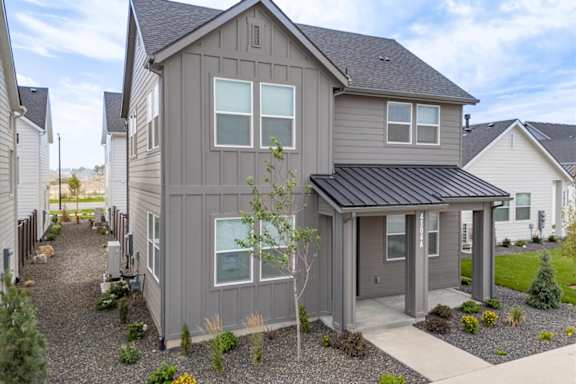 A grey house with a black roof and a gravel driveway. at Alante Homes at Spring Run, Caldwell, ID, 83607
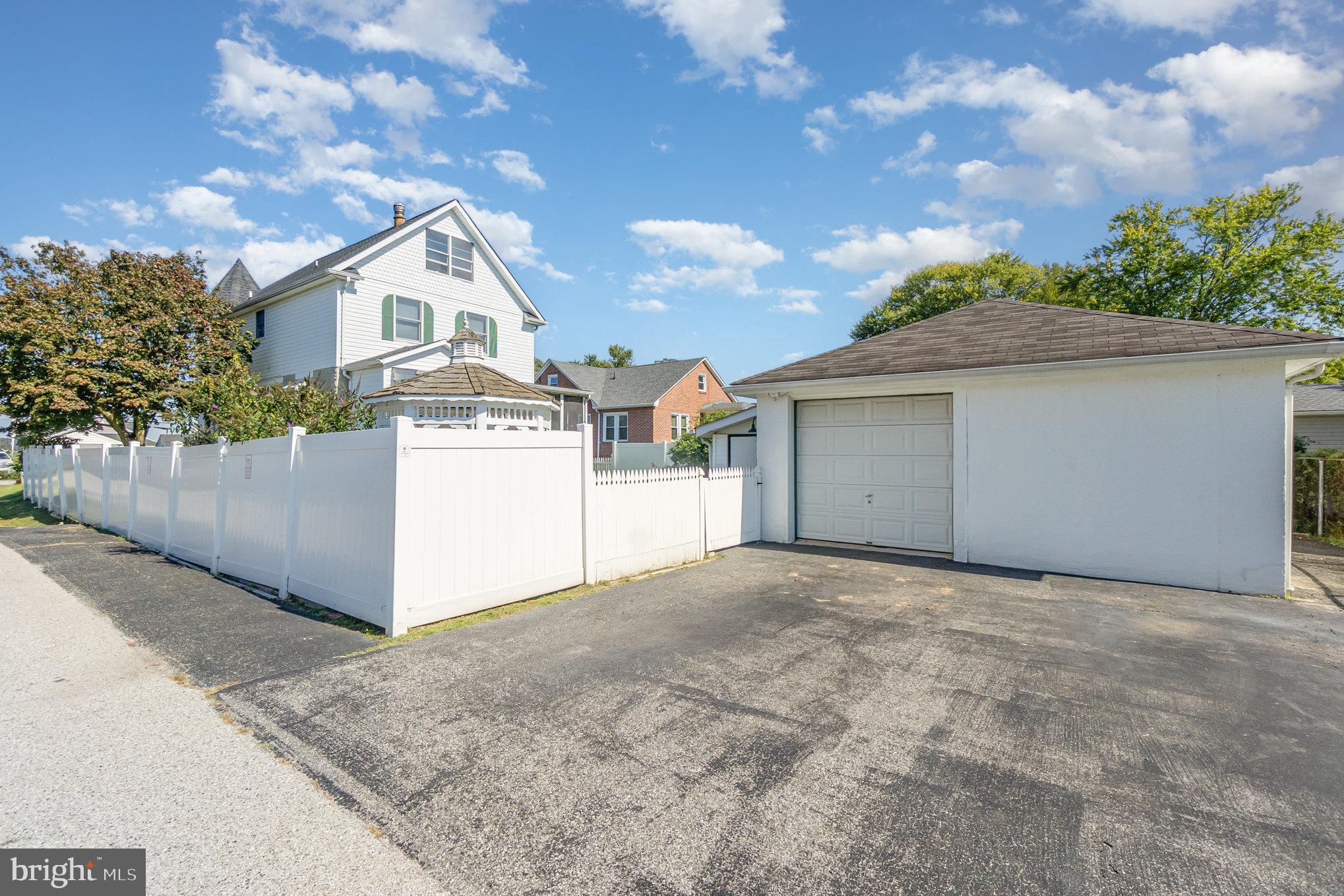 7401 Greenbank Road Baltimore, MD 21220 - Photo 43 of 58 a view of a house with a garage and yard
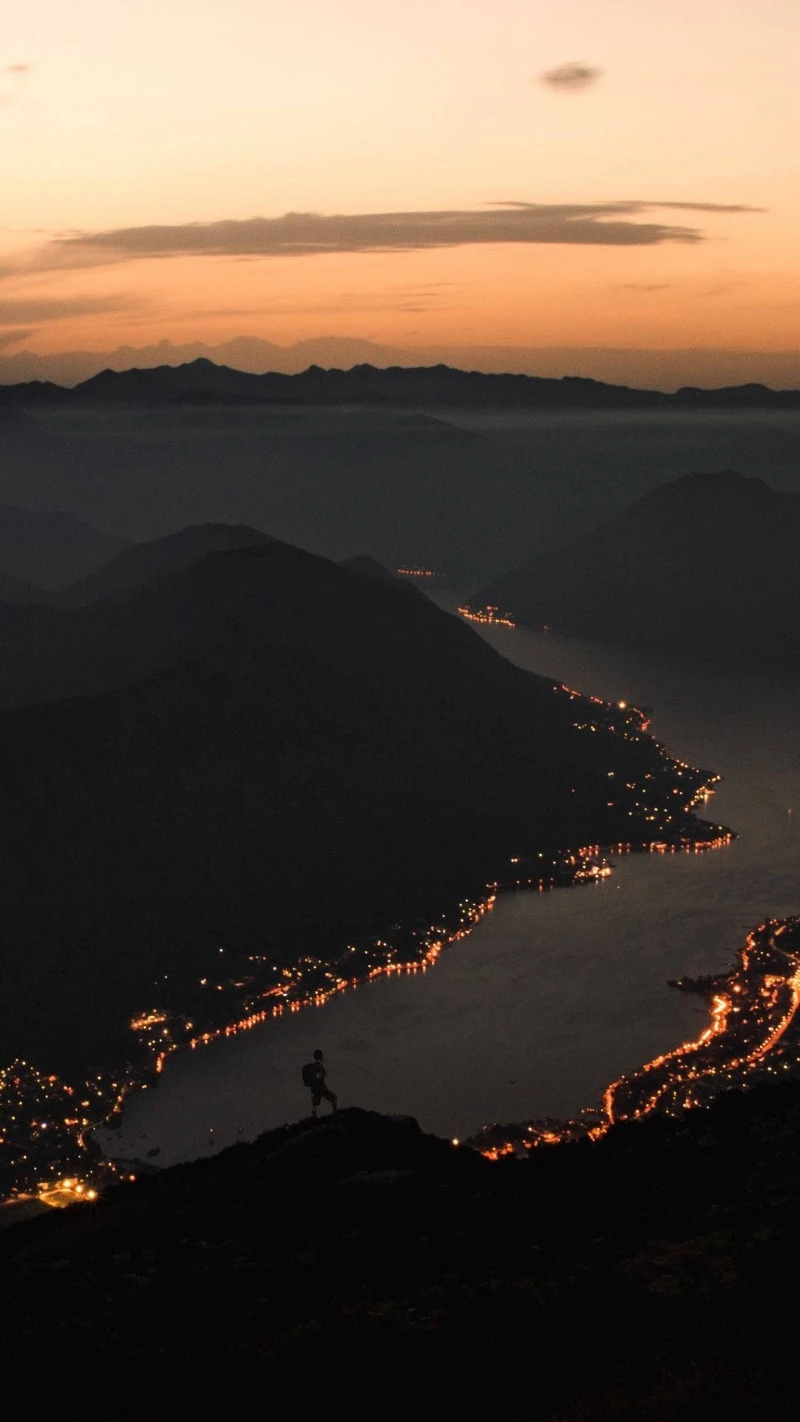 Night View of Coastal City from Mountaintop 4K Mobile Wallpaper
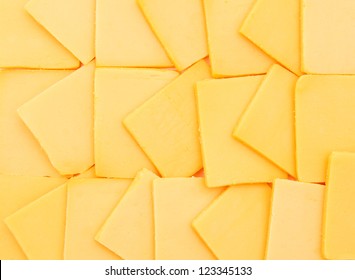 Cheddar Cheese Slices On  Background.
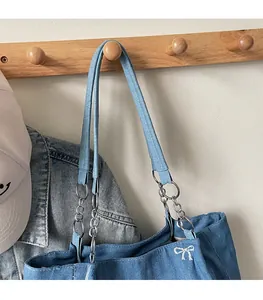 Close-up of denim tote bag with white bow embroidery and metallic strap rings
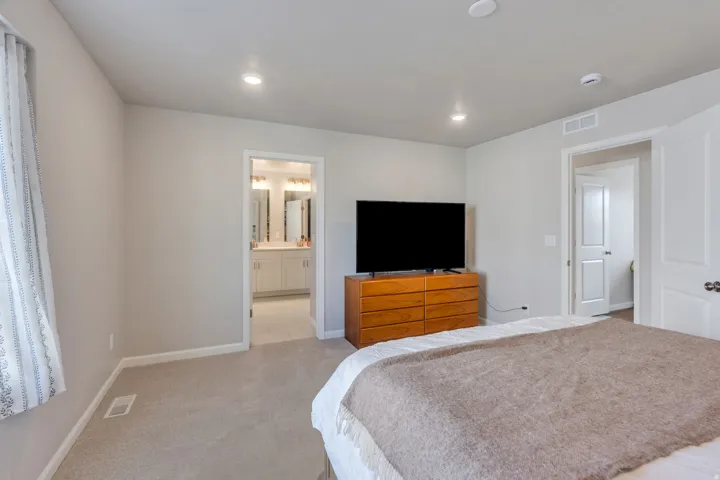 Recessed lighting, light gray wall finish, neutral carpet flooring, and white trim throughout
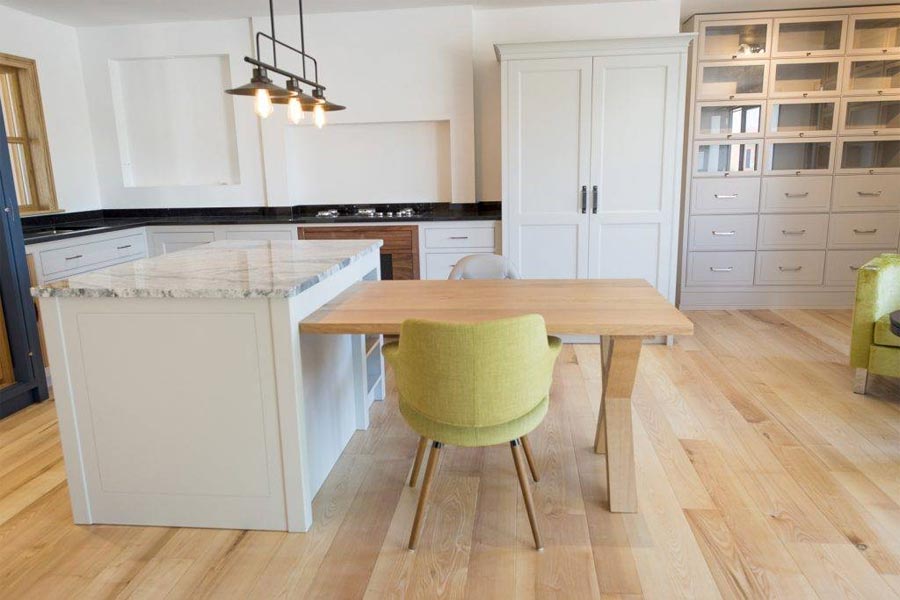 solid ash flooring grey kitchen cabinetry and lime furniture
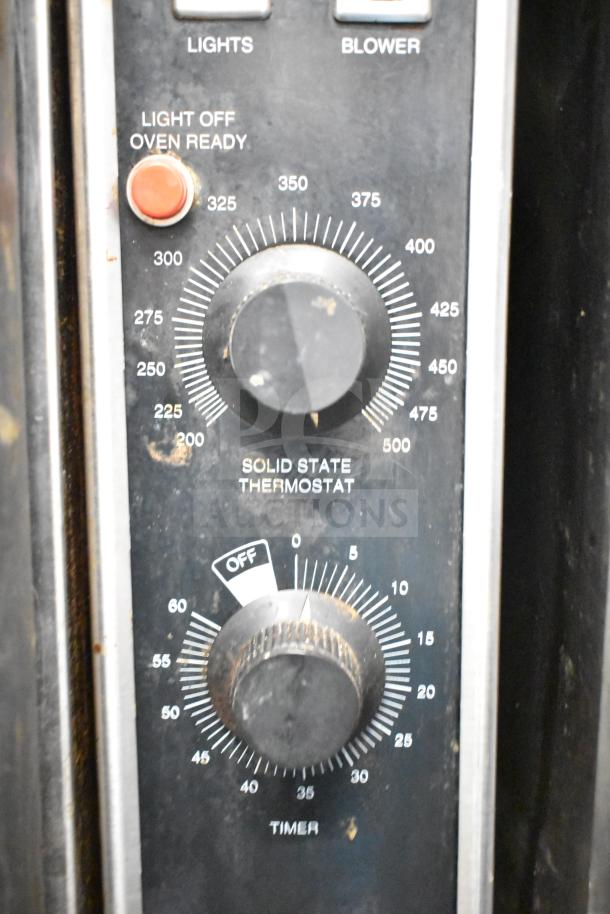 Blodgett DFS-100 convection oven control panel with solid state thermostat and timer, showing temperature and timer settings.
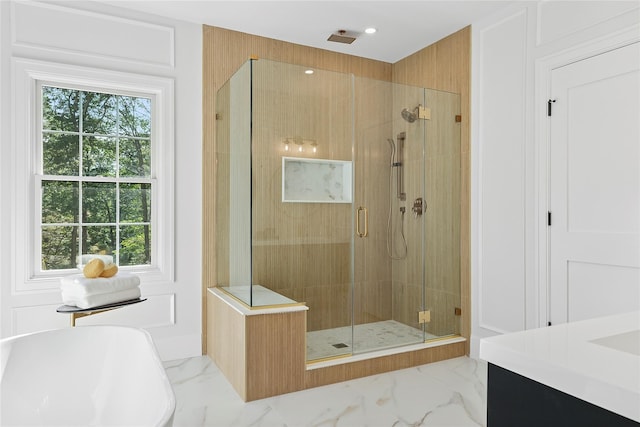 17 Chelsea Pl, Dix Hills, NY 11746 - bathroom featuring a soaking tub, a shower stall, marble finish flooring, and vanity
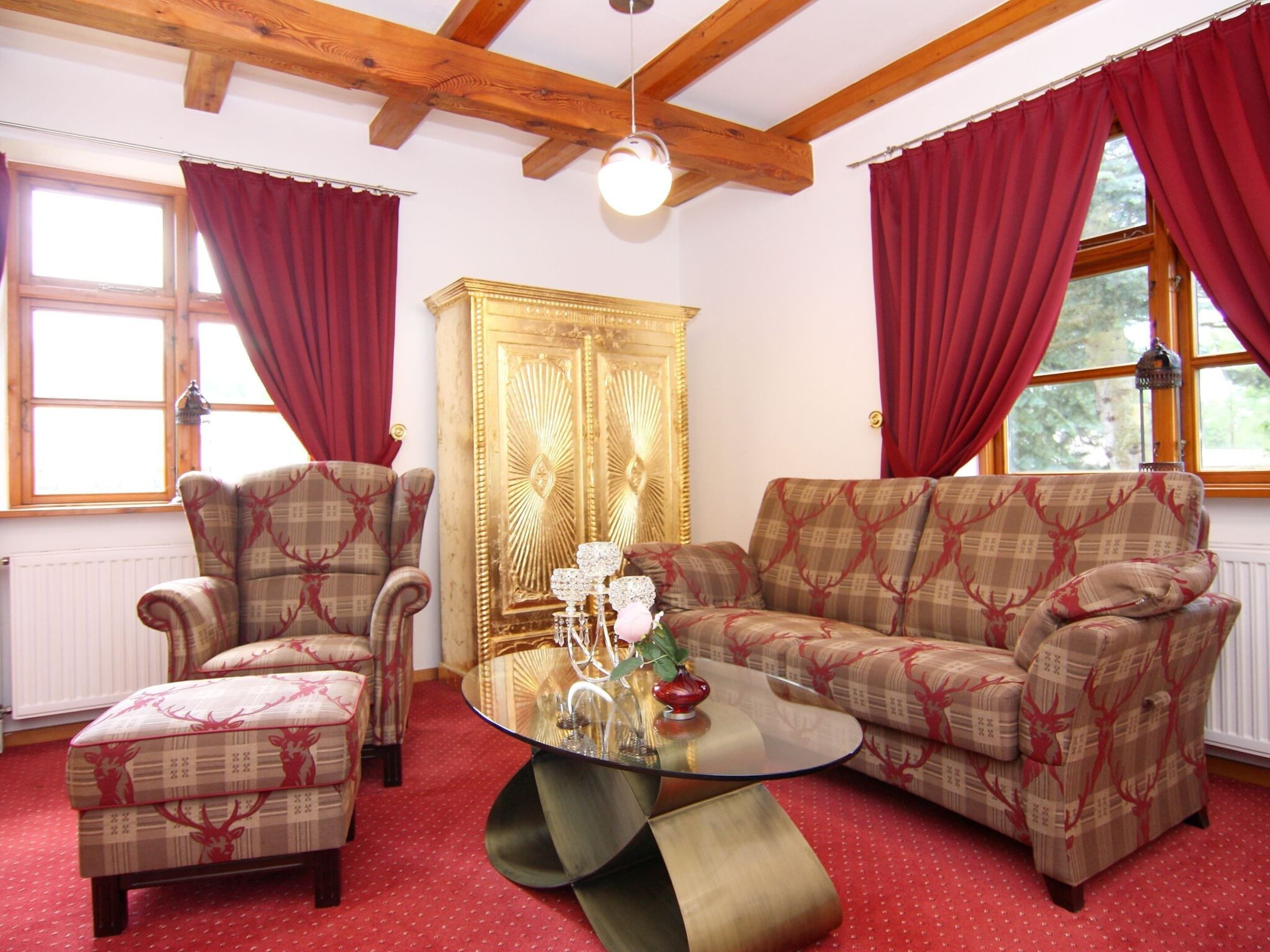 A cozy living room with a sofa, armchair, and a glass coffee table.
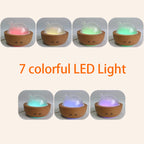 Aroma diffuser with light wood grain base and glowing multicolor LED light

_TASK INSTRUCTIONS_
Return verbatim every line from the one holding "Blodgett DFS-100 convection" to the end of the records above. Do not copy the pictures.

_TASK RESULT_
 Blodgett DFS-100 convection oven control panel with solid state thermostat and timer, showing temperature and timer settings.
 17 Chelsea Pl, Dix Hills, NY 11746 - bathroom featuring a soaking tub, a shower stall, marble finish flooring, and vanity
 A cozy living room with a sofa, armchair, and a glass coffee table.
 Aroma diffuser with light wood grain base and glowing multicolor LED light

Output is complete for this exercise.